Le Recueil du val de Sombrelune est un supplément de la gamme « Pathfinder Univers » composé de cinq éléments : le guide du val de Sombrelune est en effet suivi de quatre scénarios, trois donjons formant une mini-campagne et un quatrième scénario « en extérieur » pouvant s’y agréger aisément.

 

Commençons par le guide de cette région sauvage de l’Andoran. On s’intéresse tout d’abord, et fort logiquement, aux étendues sauvages : la forêt d’Arthfell, les montagnes Aspodell, les plaines de Sombrelune, la forêt de Sombrelune, la Faille de Droskar (un gigantesque volcan), le Promontoire d’Elberwick, les montagnes des Cinq Rois, l’Écume et les collines aux Loups. Toutes ces régions sont décrites à grands renforts de cartes, et réservent chacune bien des possibilités de jeu, même si la plupart ne sont qu’esquissées lors de ce premier chapitre.

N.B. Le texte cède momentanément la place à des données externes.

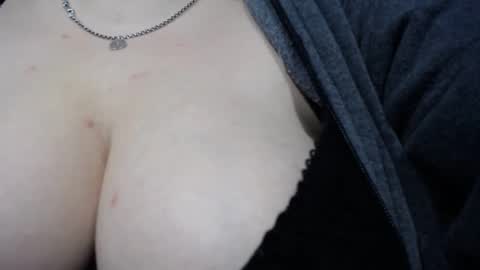 Snapshot of mrs_smith__ chatting on February 28, 2025, 6:31 pm mrs_smith__ online show from February 28, 2025, 6:31 pm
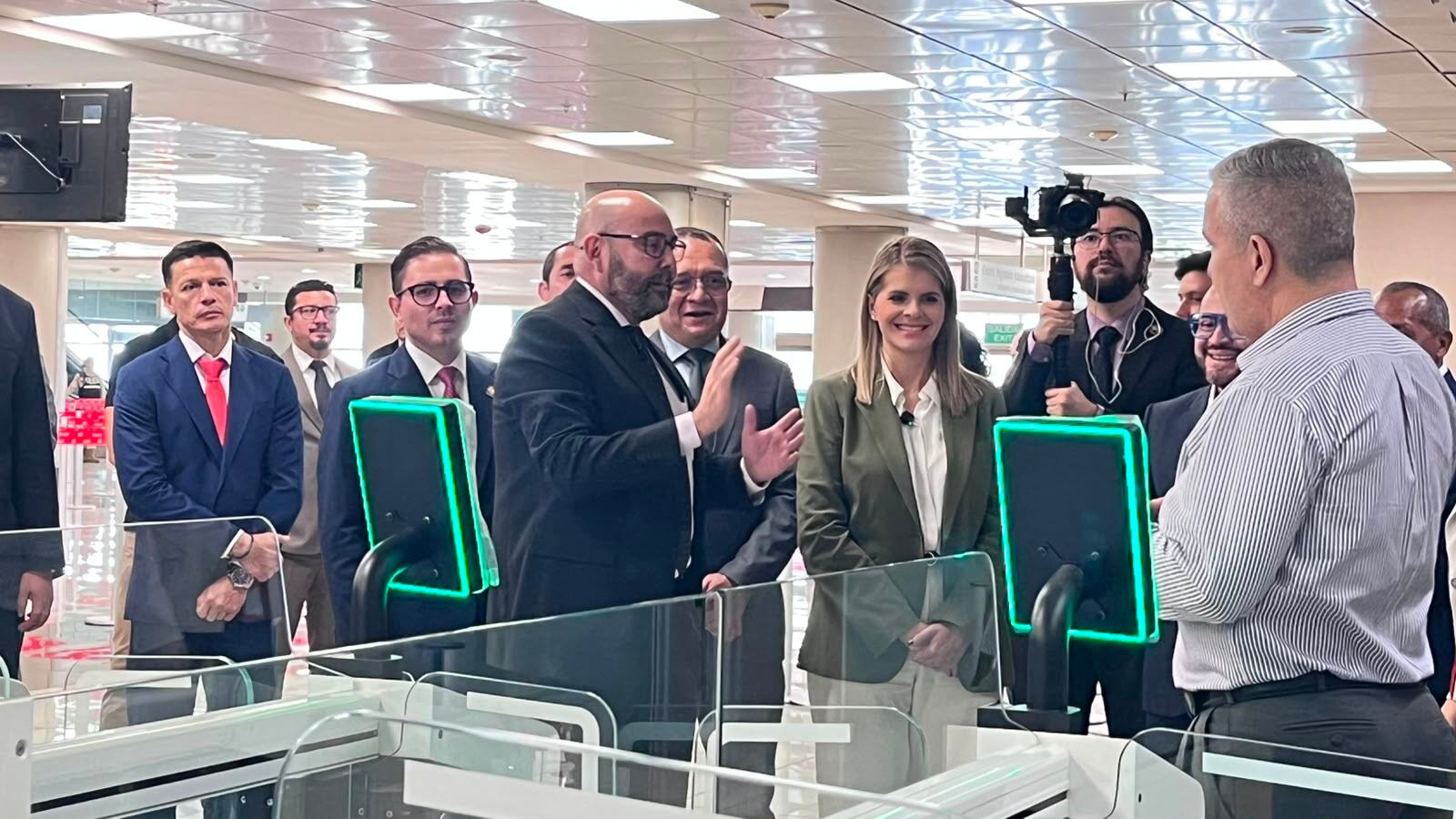 El nuevo sistema eGates agilizará el ingreso de viajeros costarricenses.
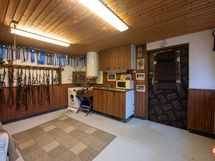 Lämmintä tilaa hevostallissa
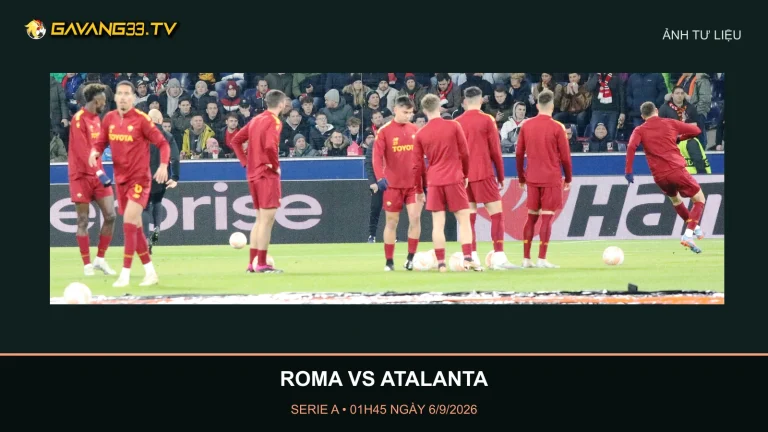 Các cầu thủ AS Roma khởi động, ảnh tư liệu tháng 2/2023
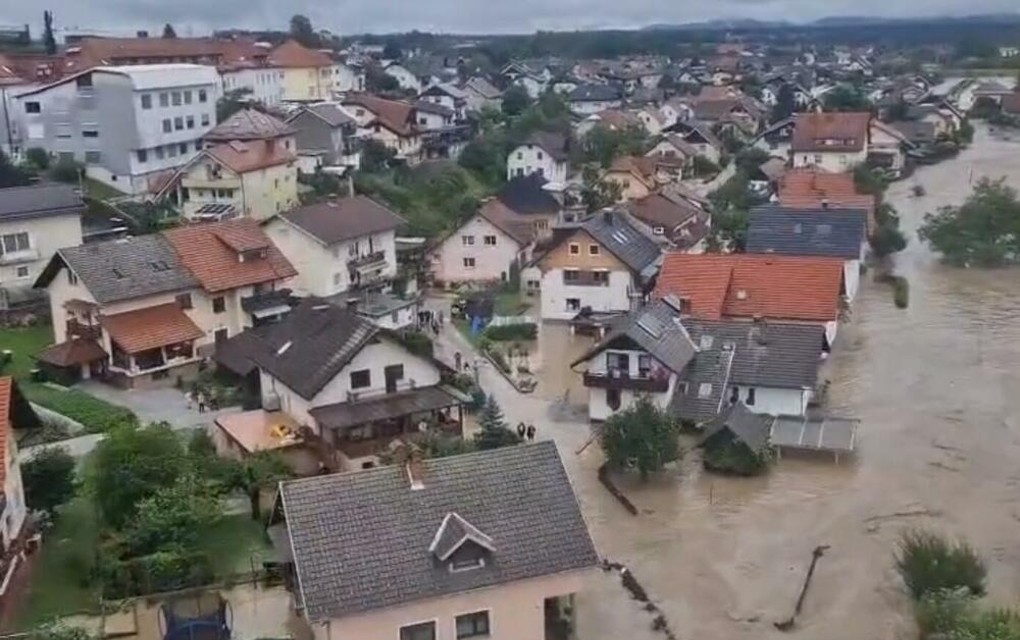 Raste broj žrtava u Sloveniji – Nevrijeme stiglo i u Hrvatsku: Potopljena Istra i Rijeka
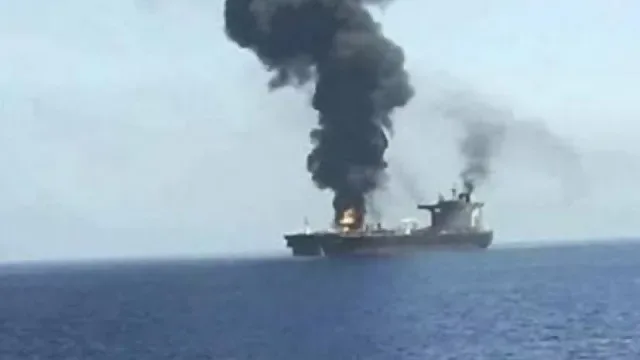 Médio Oriente: Tráfego de navios perturbado em Bab el-Mandeb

Les organisations et créatures (en premier lieu, les lycanthropes) qui fréquentent ces régions sont également décrits, et plus largement la flore et la faune. Rien de bien original, mais ça se lit bien.

 

On s’intéresse ensuite à la civilisation (un bien grand mot, peut-être…). Trois villes sont examinées : Nid-du-Faucon (qui sera au cœur des quatre scénarios concluant l’ouvrage), Olfden, et la Falaise de Piren. Mêmes causes, mêmes effets que pour ce qui précède. On s’attardera cependant ici sur la description du sinistre Consortium du Bois, qui contrôle largement la région.

 

Le très bref troisième chapitre concerne la tumultueuse histoire de la région, depuis la colonisation naine jusqu’à l’époque actuelle. Passionnant, mais un peu frustrant : on en voudrait plus…

 

Et on en arrive enfin aux Secrets, qui approfondissent ce qui a été évoqué plus haut. Tout à fait intéressants pour bon nombre d’entre eux, même s’ils ne brillent pas toujours pas l’originalité, ces secrets offrent bien de quoi faire dans cette région sauvage.

 

En guise de preuve, les quatre scénarios qui suivent : faisons tout d’abord un sort aux trois donjons formant mini-campagne, et destinés respectivement à des personnages de niveau 2 (La Couronne du roi kobold), 5 (La Revanche du roi kobold) et 6 (Affamés sont les morts). C’est du donjon fort classique, mais aussi fort bien fait, et ça doit être très amusant à jouer. Même si, perso, je trouve qu’il y a certaines bastons dont on pourrait se passer pour sortir de la logique « j’ouvre la porte, je tue le monstre, je ramasse le trésor » ; c’est quand même très bourrin…

 

Le scénario le plus intéressant est donc sans surprise, « en extérieur », La Foire aux larmes (personnages de niveau 5). Comme les trois autres, il se situe (cette fois intégralement) à Nid-du-Faucon, et confronte les PJ à une étrange fête foraine qui ne tarde pas à dégénérer : un très bon scénario, vraiment bien ficelé.

 

Au final, ce recueil constitue donc un supplément de qualité, bien digne de la gamme « Pathfinder Univers » et offrant bien des opportunités de jeu.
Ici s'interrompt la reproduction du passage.